地震保険が生まれたきっかけは、一九二三年九月一日の関東大震災と一九六四年六月一六日の新潟地震です。その時に地震による損額を免責とする火災保険は罹災りさい者救済策として役立ちませんでした。そこで地震保険に対する社会的要望が高まり、新潟地震から二年後の一九六六年(昭和四一年)から地震保険に関する法律と地震再保険特別会計法が施行され、地震保険が実現したのです。つまり、地震保険は損害保険会社が営利のために販売する保険商品ではなく、セーフティネット=社会インフラだということです。

《戸建てならば保険金に加えて貯蓄を足せば家を再建することができるかもしれない。でも、マンションの場合、管理組合で建て替えの意思決定をする。これに時間がかかるし、住民のなかに貯金の無い人がいたら、意見はまとまらないから結局再建できない。だから、地震保険に入ってもしょうがない》

こんなことを言う人がいますが、地震保険はセーフティネットであって建物の再建の為に入る保険ではありません。地震で被害を受けた建物を再建させる保険は、そもそも保険として成立しないのです。
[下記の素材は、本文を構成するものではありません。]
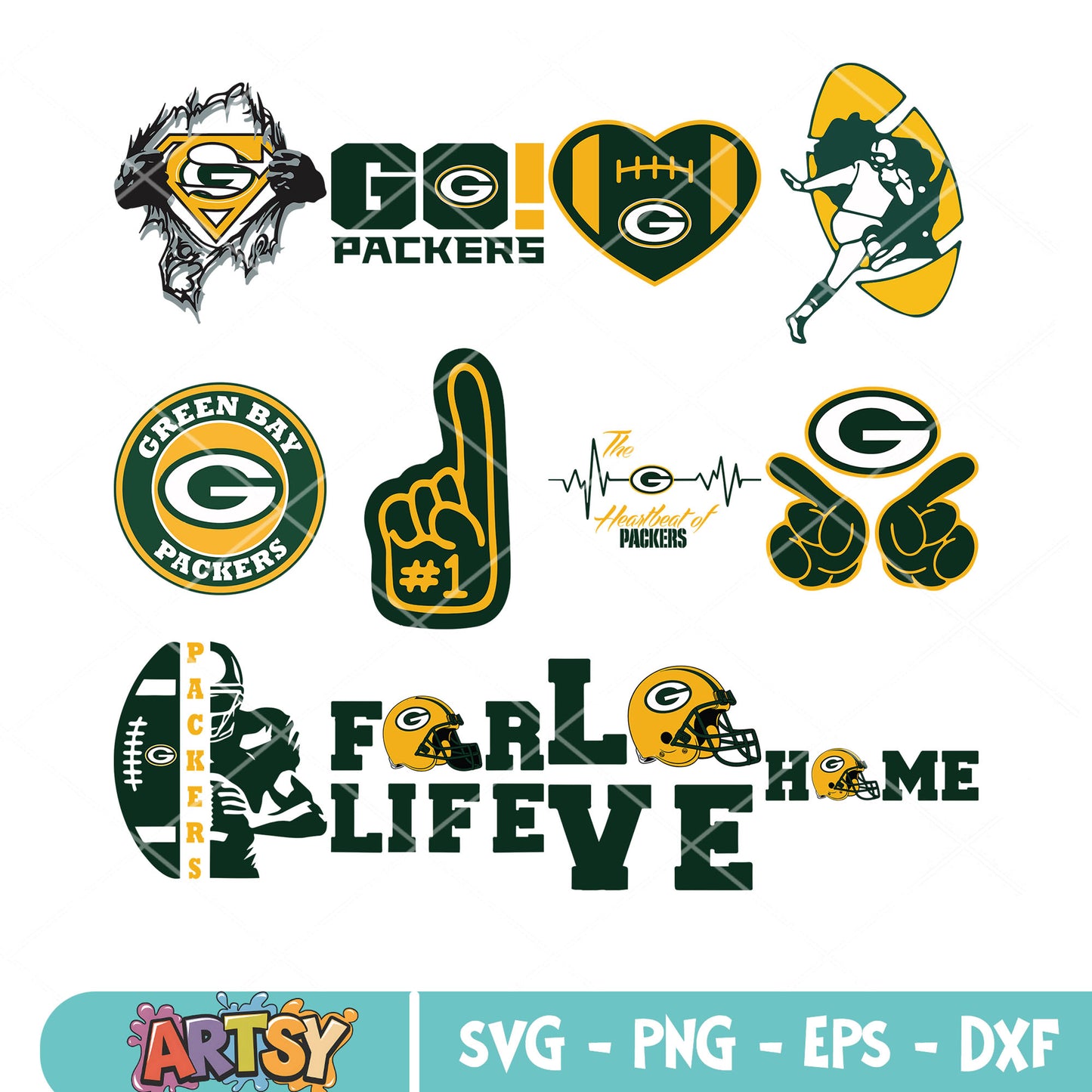 Packer for life bundle svg, green bay packer svg, nfl football team svg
そして再建よりもクリティカルな問題があります。家が壊れても住宅ローンは減らないというごく当たり前の厳しい現実です。もはや住めない家の住宅ローンを払い切らなければなりません。賃貸物件に住むにしても家賃が必要ですから住居費はダブルとなり、かなり厳しくなります。

そんな局面で私的整理や自己破産にならないように、保険金が生活を再建させる助けになるのです。貯蓄を増やしておくこと、借入額を抑えることも重要ですが、あわせて自助努力の手立てとなるのが、地震保険なのです。

地震保険で保険会社に儲けなし

地震保険の保険料は、保険対象である建物および家財を収容する建物の構造、所在地により算出され、耐火建物は安くなりますし、所在地でも地震の少ない地域は安く、地震の多い地域は高くなります。目安としては、保険金額一〇〇〇万円あたり保険期間一年につき以下のようになっています。

・耐火:六〇〇〇~二万二〇〇円
・非耐火:一万六〇〇~三万二六〇〇円

この保険料は損害保険料率算出機構が算出した基準料率をかけて計算されています。基準料率は保険金の支払いに充てられる「純保険料率」と事業経費に充てられる「付加保険料率」で成り立っています。そして「付加保険料率」は契約の事務処理や損害の調査などに充てられる「社費」と契約の募集を行う代理店に支払う「代理店手数料」に分けられます。

【図表3】地震保険の基本料金(出所=『住宅破産』)

どういうことかというと、この保険料には保険会社の利益は含まれていないのです。いくらこの保険を売っても保険会社に儲けはありません。つまり、利用者の我々から見ると、地震保険以上に安い保険料は無いということです。これは、社会インフラとして政府が行う地震保険の事務の代行をしているという位置づけだからです。少しでもコストを抑えるために火災保険とセットで取り扱っているのですね。地震保険よりも安い保険はありません。単純な損得勘定で考えても、こういうものは全力で「買い」なのです。